Gli autori hanno condotto esperimenti di laboratorio in cui hanno dimostrato che il batterio E. coli può sopravvivere e moltiplicarsi in un’atmosfera di idrogeno in totale assenza di ossigeno. Lo stesso è stato dimostrato per una varietà di lievito.

Sebbene questo sia interessante, non aggiunge molto peso all’argomento che la vita potrebbe prosperare in un’atmosfera di idrogeno. Conosciamo già molti batteri che sopravvivono metabolizzando l’idrogeno e c’è persino un organismo multicellulare che trascorre tutta la sua vita in una zona priva di ossigeno sul fondo del Mediterraneo.

È improbabile che l’atmosfera terrestre, che è iniziata senza ossigeno, abbia mai avuto più dell’1% di idrogeno. Ma le primissime forme viventi, appena apparse sul nostro pianeta, potrebbero aver avuto un metabolismo che faceva reagire l’idrogeno con il carbonio per formare metano, piuttosto che facendo reagire l’ossigeno con il carbonio per formare anidride carbonica, come fa la vita oggi sulla Terra.

Gas di biofirma

Lo studio ha fatto una scoperta importante. I ricercatori hanno dimostrato che esiste una “diversità sorprendente” di dozzine di gas prodotti da ceppi di E. coli che vivono in un’atmosfera di l’idrogeno. Molti di questi, come il dimetilsolfuro, il solfuro di carbonile e l’isoprene, potrebbero essere “biofirme” rilevabili in un’atmosfera di idrogeno. Questa consapevolezza può aumentare le nostre possibilità di riconoscere le firme della vita su un esopianeta.
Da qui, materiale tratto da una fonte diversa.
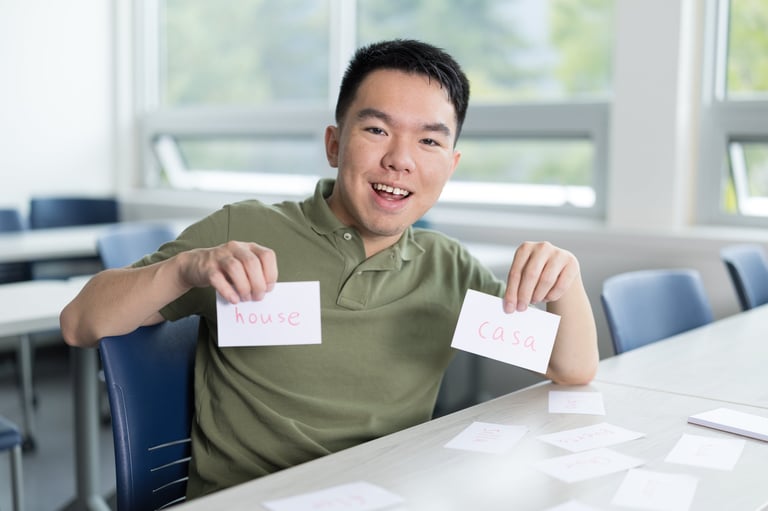 Young man holding English and Spanish flashcards in a classroom. Smiling while studying new vocabulary words.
Detto questo, i processi metabolici che utilizzano l’idrogeno sono meno efficienti di quelli che utilizzano l’ossigeno. Gli autori del nuovo studio sottolineano inoltre che l’idrogeno molecolare in concentrazione sufficiente può agire da gas serra. Ciò potrebbe mantenere la superficie di un pianeta abbastanza calda per l’acqua liquida, e quindi la vita in superficie, più lontana dalla sua stella di quanto non sarebbe altrimenti.

Gli autori evitano di considerare le possibilità di trovare la vita in pianeti gassosi giganti come Giove. Anche così, espandendo il pool di mondi abitabili per includere super-Terre con atmosfere ricche di idrogeno, hanno potenzialmente raddoppiato il numero di esopianeti che potremmo sondare per trovare i primi segni di vita extraterrestre.